**What the task requires**
From the first line of the material below through the line containing "Al Glossop - 1939", print every line exactly as it stands, but no pictures.

**Task input**
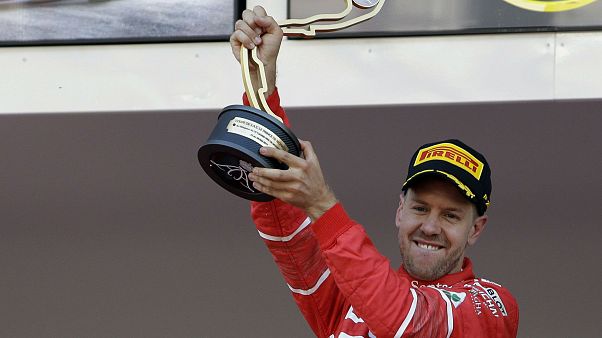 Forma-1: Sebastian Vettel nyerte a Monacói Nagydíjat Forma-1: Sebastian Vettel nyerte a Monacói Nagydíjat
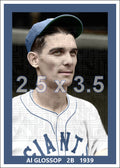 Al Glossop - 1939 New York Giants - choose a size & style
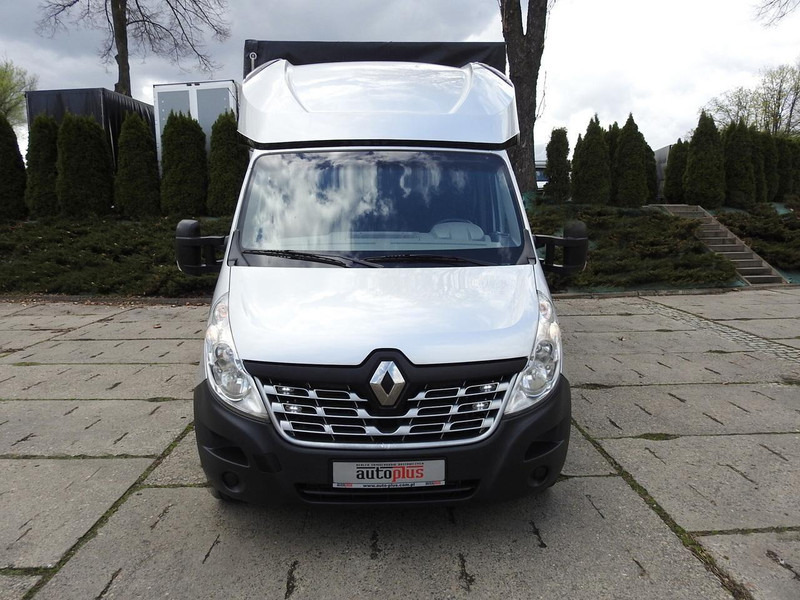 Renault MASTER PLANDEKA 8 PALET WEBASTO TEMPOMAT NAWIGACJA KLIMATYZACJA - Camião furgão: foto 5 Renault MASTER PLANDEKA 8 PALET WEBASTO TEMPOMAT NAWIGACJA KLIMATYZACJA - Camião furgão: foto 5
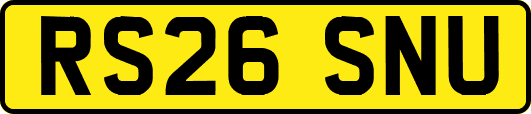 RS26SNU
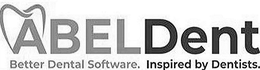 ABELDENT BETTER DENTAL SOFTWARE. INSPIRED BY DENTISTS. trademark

**Solution to the exercise**
 Forma-1: Sebastian Vettel nyerte a Monacói Nagydíjat Forma-1: Sebastian Vettel nyerte a Monacói Nagydíjat
 Al Glossop - 1939 New York Giants - choose a size & style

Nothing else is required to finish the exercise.